The existing trio has been a mainstay of the automotive world, with the Elise having arrived in its original form all the way back in 1996. The Exige isn’t much younger, having arrived just five years after its little brother.
To mark the end of their run, Lotus is celebrating with a series of special-edition models. The automaker revealed the first of these on Monday, based on the Elise and Exige sports cars sold overseas. A special version of the Evora sold here in the United States should be announced at a later date.
2021 Lotus Elise Sport 240 Final Edition
The special Elise and Exige are known as the Final Editions, and there are five all up: Elise Sport 240, Elise Cup 250, Exige Sport 390, Exige Sport 420 and Exige Cup 430. They’re characterized by their increased performance, design upgrades, and new colors.
The most potent of these is the Exige Cup 430 Final Edition, which packs a 3.5-liter supercharged V-6 good for 430 hp. The car features carbon-fiber aerodynamic elements which help to deliver a total 377 pounds of downforce, and this is joined by AP Racing brakes and a high-flow titanium exhaust system. The suspension features three-way adjustable dampers from Nitron, and attached at each hub are forged alloy wheels (17-inch front and 18 rear) wrapped in Michelin Pilot Sport Cup 2 tires.
In terms of special colors, Lotus has chosen hues that were featured on cars at special moments in the company’s history. For example, the Elise special editions can be ordered in Azure Blue, the color featured on the Elise in photos supplied to the media in 1996. Another example is Metallic White which is being offered on the Exige specials, the same color that featured on the first V-6-powered Exige unveiled at the 2011 Frankfurt International Motor Show.
2021 Lotus Exige Sport 390 Final Edition
When the Elise, Exige and Evora are finally phased out at the end of the year, their combined production total will be in the region of 55,000 cars, or more than half of all Lotus road cars built since the company’s first in 1948.

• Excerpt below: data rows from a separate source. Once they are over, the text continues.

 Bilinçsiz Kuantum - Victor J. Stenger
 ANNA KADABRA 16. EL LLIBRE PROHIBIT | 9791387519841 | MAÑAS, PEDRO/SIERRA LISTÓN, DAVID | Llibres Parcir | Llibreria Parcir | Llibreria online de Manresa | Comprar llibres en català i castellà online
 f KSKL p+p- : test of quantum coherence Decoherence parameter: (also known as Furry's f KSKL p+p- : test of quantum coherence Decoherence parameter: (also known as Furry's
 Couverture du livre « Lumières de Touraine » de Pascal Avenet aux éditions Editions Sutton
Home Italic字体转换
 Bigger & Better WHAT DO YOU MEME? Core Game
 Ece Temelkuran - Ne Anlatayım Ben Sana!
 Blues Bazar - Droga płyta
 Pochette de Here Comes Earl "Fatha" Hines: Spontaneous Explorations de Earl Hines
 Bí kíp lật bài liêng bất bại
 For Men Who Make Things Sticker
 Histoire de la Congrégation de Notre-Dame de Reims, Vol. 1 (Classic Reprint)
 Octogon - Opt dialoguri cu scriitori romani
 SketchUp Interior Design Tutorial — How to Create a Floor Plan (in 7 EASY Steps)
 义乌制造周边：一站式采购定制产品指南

As for the future of Lotus, the company will launch a handful of sports cars based on a modified version of its aluminum platform underpinning the current range, starting with the aforementioned Type 131.

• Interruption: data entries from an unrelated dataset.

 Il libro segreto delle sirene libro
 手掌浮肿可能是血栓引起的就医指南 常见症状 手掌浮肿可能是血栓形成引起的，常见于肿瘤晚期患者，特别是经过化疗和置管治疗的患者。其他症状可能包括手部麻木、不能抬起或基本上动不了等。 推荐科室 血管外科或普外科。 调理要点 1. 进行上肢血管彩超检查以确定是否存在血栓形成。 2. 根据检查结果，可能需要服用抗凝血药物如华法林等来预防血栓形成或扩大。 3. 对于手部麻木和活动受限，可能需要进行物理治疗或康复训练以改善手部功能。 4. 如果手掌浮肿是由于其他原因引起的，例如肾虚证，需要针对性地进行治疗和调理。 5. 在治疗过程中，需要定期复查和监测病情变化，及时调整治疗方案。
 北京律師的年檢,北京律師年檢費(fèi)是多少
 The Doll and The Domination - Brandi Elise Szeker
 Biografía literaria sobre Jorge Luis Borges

Eventually, Lotus plans to go the full-electric route. In addition to the limited-edition Evija hypercar, Lotus in January said it will jointly develop an electric sports car with France’s Alpine. The company is also known to be working on an SUV that will most likely be based on a dedicated EV platform borrowed from Geely. The SUV will be built at a plant in Wuhan, China, with Lotus keeping its U.K. production for sports cars only.